## Try it
Write out the lines below once more, exactly as they appear. Do not include pictures.

## Information supplied
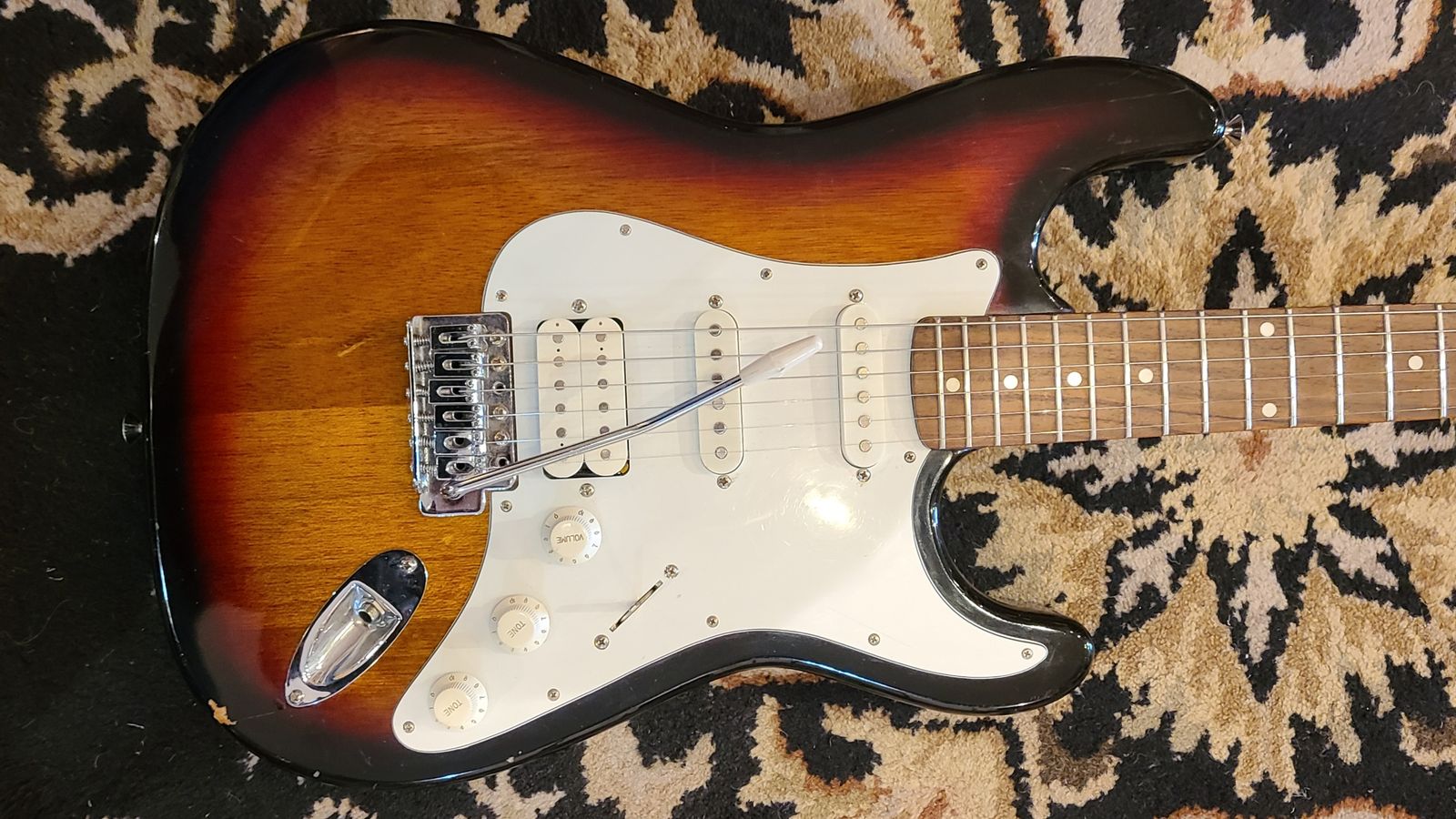 VINTAGE 90'S CRATE ELECTRA STRATOCASTER COPY
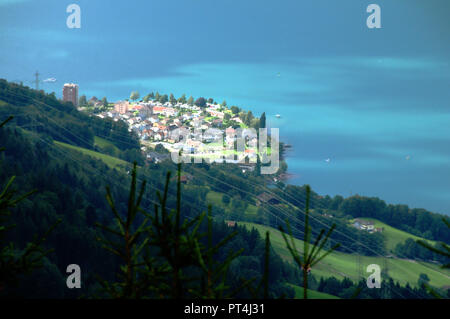 Vue aérienne du village de Murg sur le Walensee, Alpes Suisses Banque D'Images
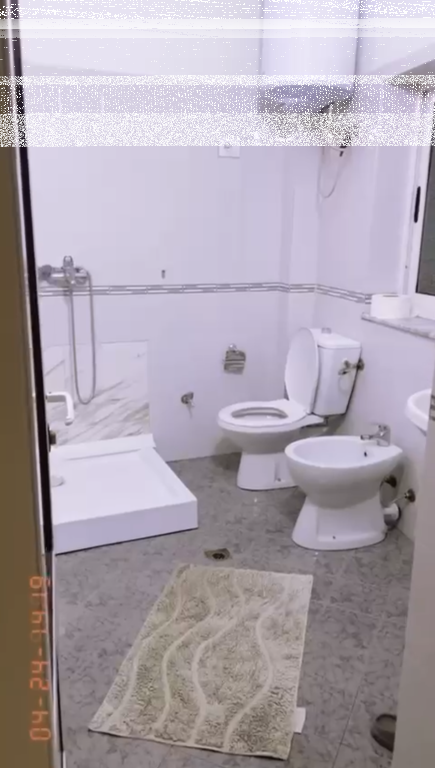 Shtepi 2+1, Mine Peza!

## Final answer
 VINTAGE 90'S CRATE ELECTRA STRATOCASTER COPY
 Vue aérienne du village de Murg sur le Walensee, Alpes Suisses Banque D'Images
 Shtepi 2+1, Mine Peza!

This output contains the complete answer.